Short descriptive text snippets
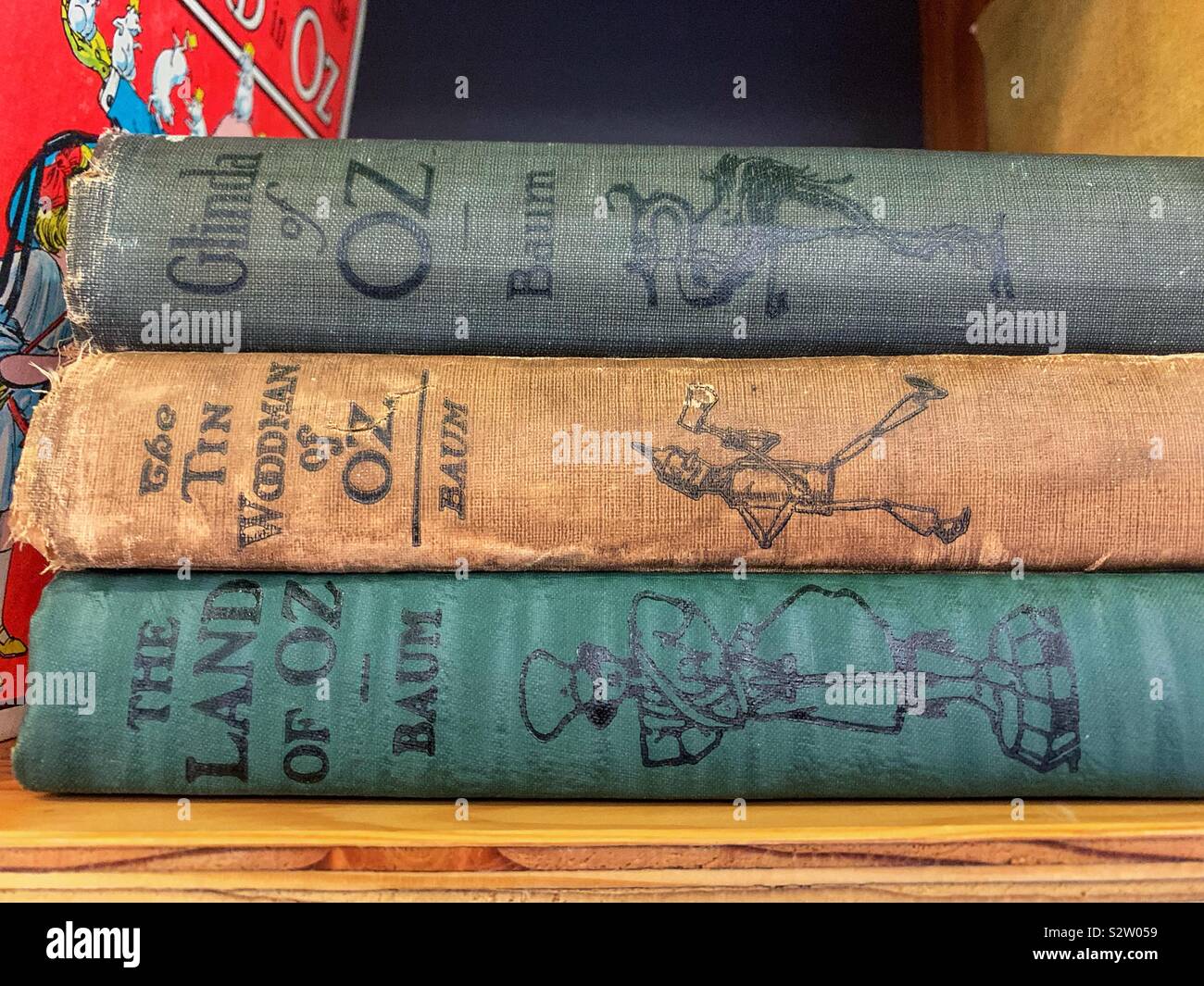 Vintage libri con copertina rigida della terra di Oz, Woodman di Oz e Glinda di Oz per autore Baum. Foto Stock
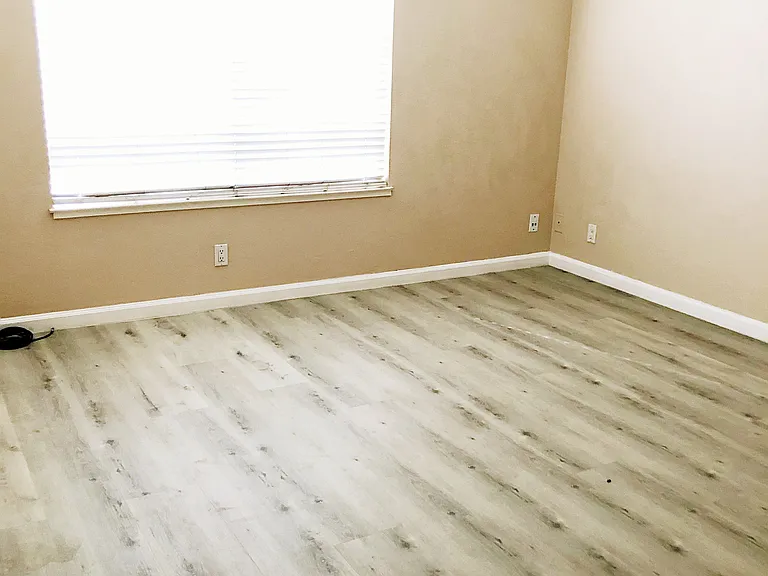 106 Rancho Dr #D — Photo 6
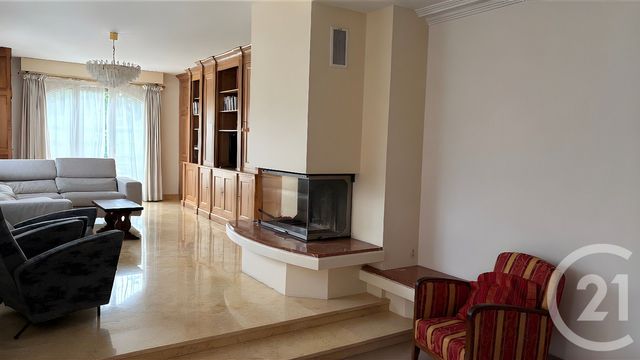 maison à louer - 1 pièce - 13.53 m2 - CHEVILLY LARUE - 94 - ILE-DE-FRANCE - Century 21 L'Immobilière Rn 20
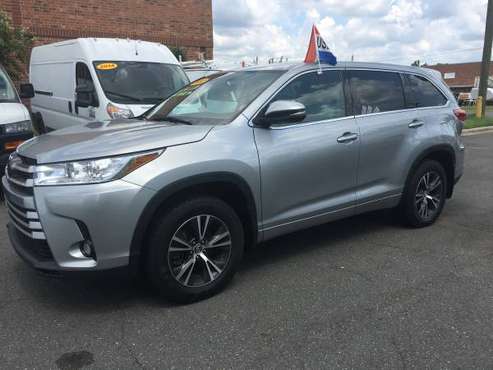 Toyota Highlander LE-2017-AWD-$ 500 Military or 1st Responder Discount for sale in Charlotte, NC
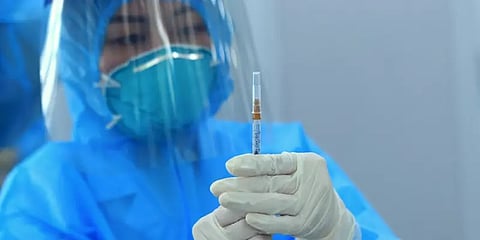 வியட்நாமில் காற்றில் வேகமாக பரவும் ஆபத்தான புதிய ஹைபிரிட் வகை கொரோனா வைரஸ் கண்டுபிடிப்பு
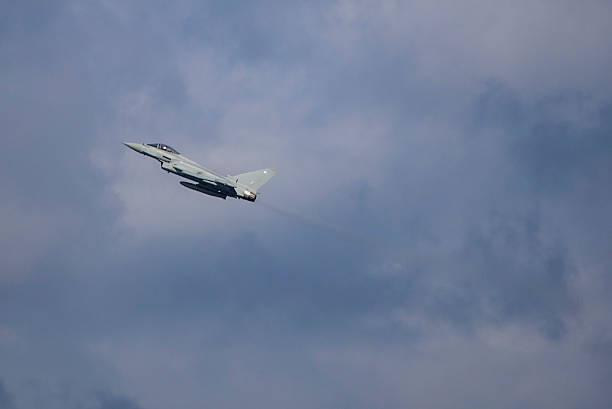 torquay airshow - fomration stock-fotos und bilder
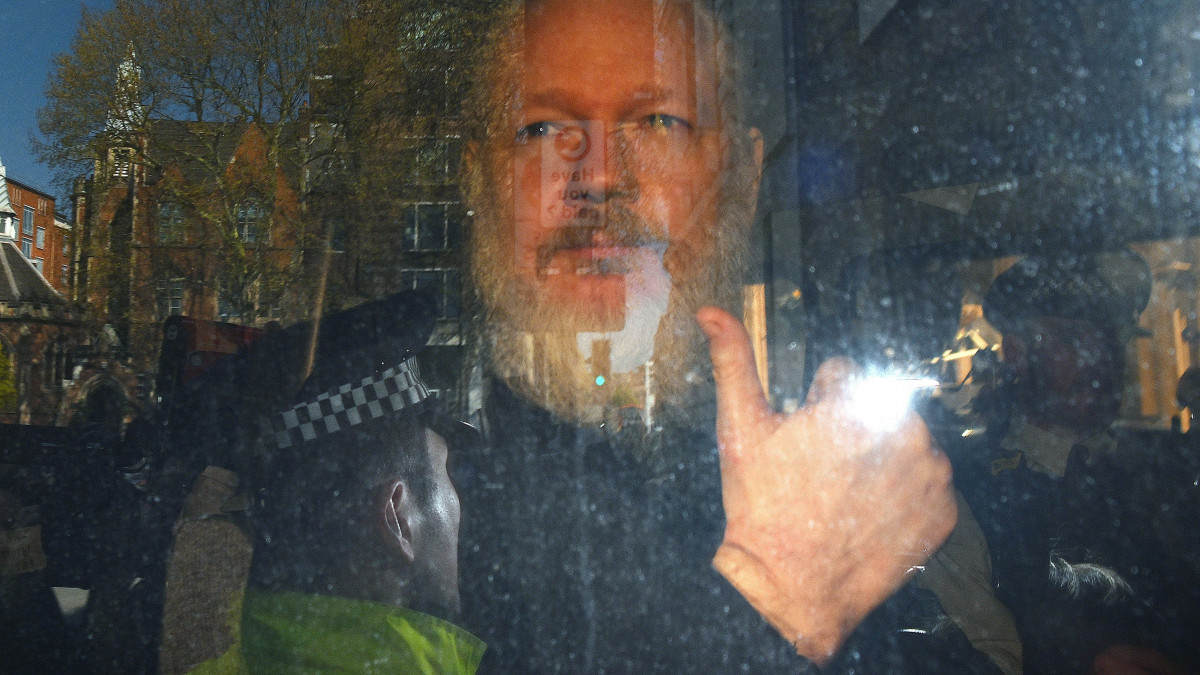 Julian Assange ausztrál oknyomozó újságíró érkezik a londoni Westminster bíróságra 2019. április 11-én. Lenín Moreno ecuadori elnök ezen a napon visszavonta Assange ecuadori menedékjogát. A diplomáciai lépés nyomán ezután a Scotland Yard őrizetbe vette a WikiLeaks kiszivárogtató portál 47 éves alapítóját Ecuador londoni nagykövetségén, ahol Assange hét évig tartózkodott.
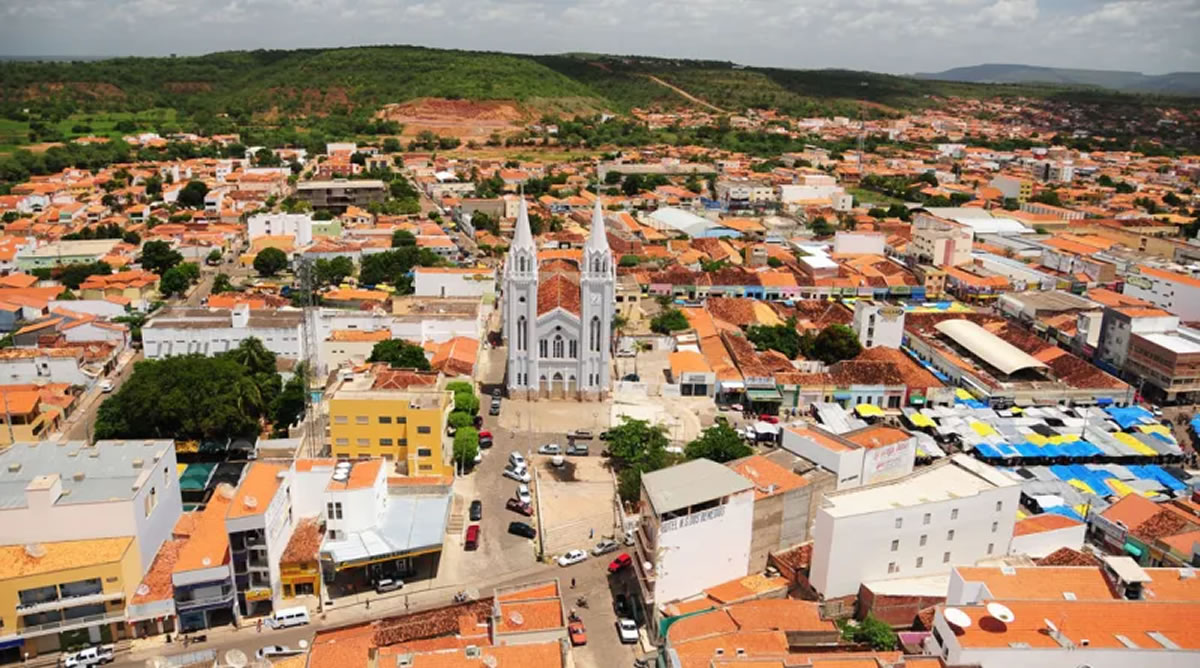 Homem é preso por tentativa de estelionato em agência da Caixa Econômica em Picos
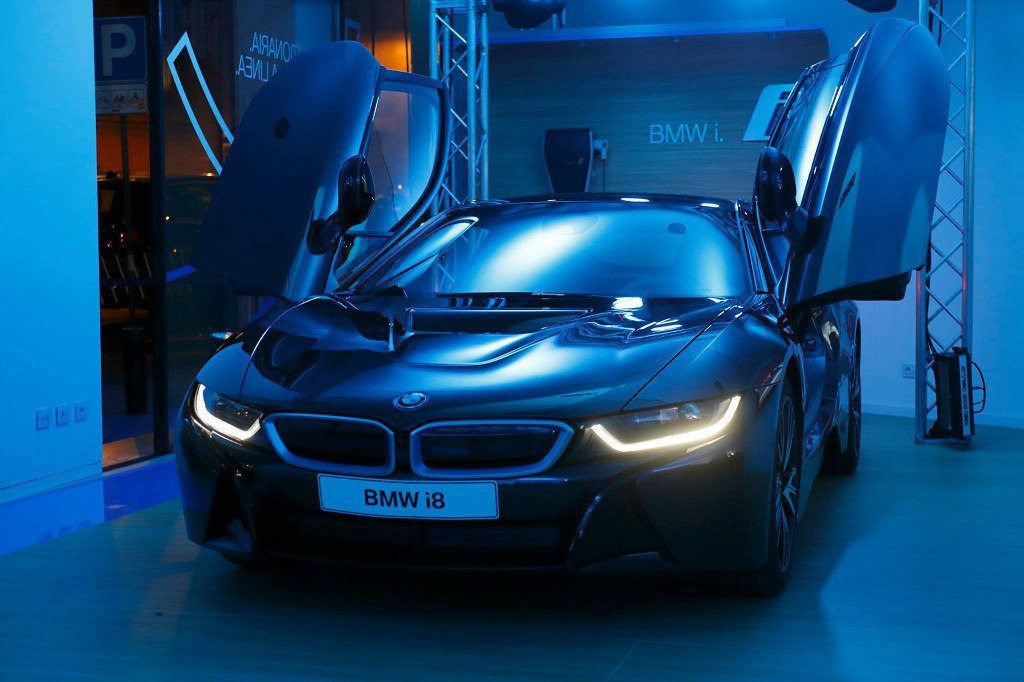 BMW i8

### EXERCISE DIRECTIONS
What's needed is an exact copy of the records above from the line containing "Toyota Highlander LE-2017-AWD-$" down to the line containing "torquay airshow - fomration", both included, without any pictures.

### TASK ANSWER
 Toyota Highlander LE-2017-AWD-$ 500 Military or 1st Responder Discount for sale in Charlotte, NC
 வியட்நாமில் காற்றில் வேகமாக பரவும் ஆபத்தான புதிய ஹைபிரிட் வகை கொரோனா வைரஸ் கண்டுபிடிப்பு
 torquay airshow - fomration stock-fotos und bilder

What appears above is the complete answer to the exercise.